Ariel DuVal Zinn is the Literacy Center's AmeriCorps Coordinator, and has been tutoring Mike Crumb since February 2016. In this month's Q & A, Ariel tells us about her experience as a volunteer tutor with the Literacy Center.
What was it like when you first got started tutoring Mike?
"Mike and I began meeting at the public library, and I tried to always take 10 minutes in the beginning to talk. I'd ask questions about Mike's life and then I'd share what was happening with me. We worked on building a friendship rather than establishing a strict tutor-learner interaction."
What was your proudest moment as a tutor?
"I've found that Mike has a hard time with writing. So one time after we read a book, I asked him to write a book report on it. It took us about six weeks to get through the whole writing process from draft to finished product, but we stuck with it. Mike wound up with a brief book report where he summarized the book and expressed his opinion about it. His book report even ended in The Reader [the Literacy Center's learner/tutor newsletter]."
What has tutoring taught you?
"Every couple of months Mike would have a bad day, the material wouldn't be clicking for some reason, and he would get frustrated. I think that's because when you are working on improving things in yourself, you don’t always see the small successes along the way.
But what I see more often than he does are his improved inference skills and his increased ability to comment and express his opinion. These are abilities that he was lacking in the beginning. Tutoring taught me how to give the same support that I gave him to myself and celebrated the little successes."
What’s your favorite part of your tutoring session?

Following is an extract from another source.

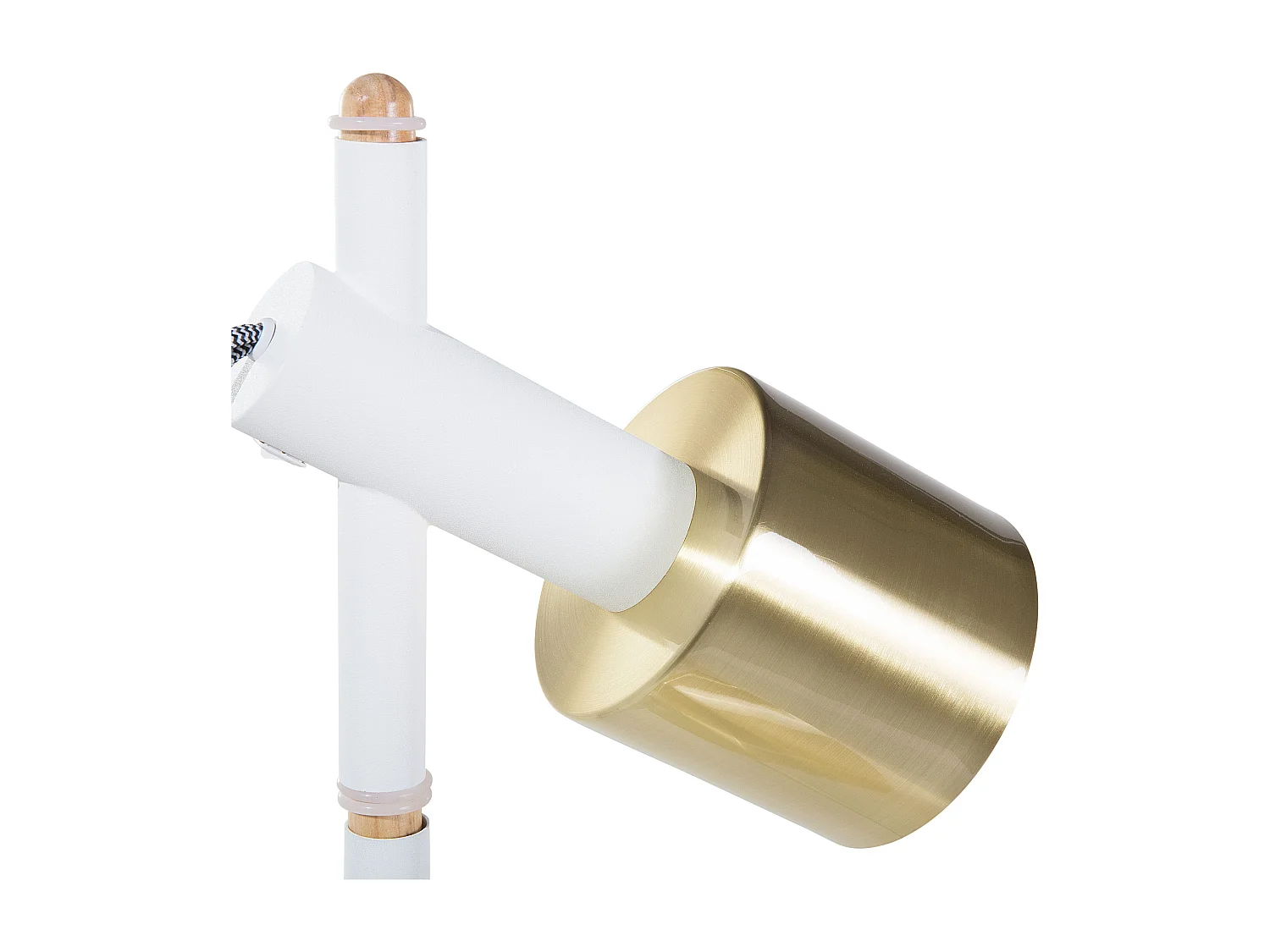 Lampada da pavimento OWENS Regolabile Legno Bianco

"We have a routine, and it works really well for us; so every session is a great session. We always end our tutor sessions reading a book.
Also, every time he takes a test we celebrate by going bowling. At that point, he turns into the teacher because I am an awful bowler. It's a dynamic shift that Mike enjoys; it gives him the opportunity to teach me something that he knows how to do very well."
What would you say to someone who is thinking about tutoring?
"Just try it. The commitment is only six months, and if you don't think it is for you, it is absolutely fine. Just know it is absolutely worth the time. And it is not only a benefit to the learners but to the tutors as well."